1. Can be self-locking
2. The number of parts is relatively small and the weight is light
3. Low noise during operation
4. Less maintenance
5. Can provide precise linear motion
6. Can provide a great mechanical advantage
7. Simple to manufacture
8. Simple design
9. Compact structure
10. High carrying capacity
HOLRY Linear Technologies lead screw stepper motor linear actuators feature heavy-duty ball bearings to maximize their thrust. Our lead screws are securely press-fitted into the motor’s rotor to allow a smaller footprint, while minimizing backlash and providing years of dependable life. Our stepper motor linear actuators are available in captive, non-captive, external and ball screw linear actuator configurations. Optional available accessories include connectors, wire harnesses, encoders, and custom lead screw nuts.
Stepper motor linear actuators are devices that use a stepper motor to create linear motion. They are commonly used in automation, robotics, and other applications that require precise and controlled linear movement.
The stepper motor inside the actuator consists of a rotor and stator, which work together to generate rotational motion. The linear motion is achieved by converting this rotational motion into linear motion through the use of a lead screw or other mechanism.
Stepper motor linear actuators are typically used in applications where accuracy and precision are critical, such as in laboratory equipment, medical devices, and manufacturing machinery. They offer a high degree of control over movement and can be programmed to move in very precise increments.
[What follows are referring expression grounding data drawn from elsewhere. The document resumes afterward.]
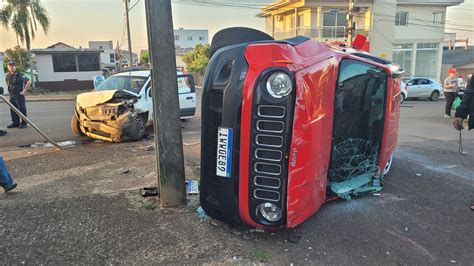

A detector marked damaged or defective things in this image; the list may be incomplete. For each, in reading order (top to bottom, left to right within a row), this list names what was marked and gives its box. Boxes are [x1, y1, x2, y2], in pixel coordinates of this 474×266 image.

shattered windshield [95, 75, 148, 94]
damaged white car [71, 69, 196, 142]
cracked asphalt [0, 97, 472, 264]
overturned red suv [200, 28, 404, 230]
shattered windshield [328, 58, 386, 200]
There are different types of stepper motor linear actuators, including captive, non-captive, and external linear actuators. Captive actuators have a fixed shaft, while non-captive actuators have a rotating shaft. External actuators use a separate lead screw or other mechanism to convert the rotational motion of the motor into linear motion.
Overall, stepper motor linear actuators are a versatile and reliable option for creating precise linear motion in a variety of applications.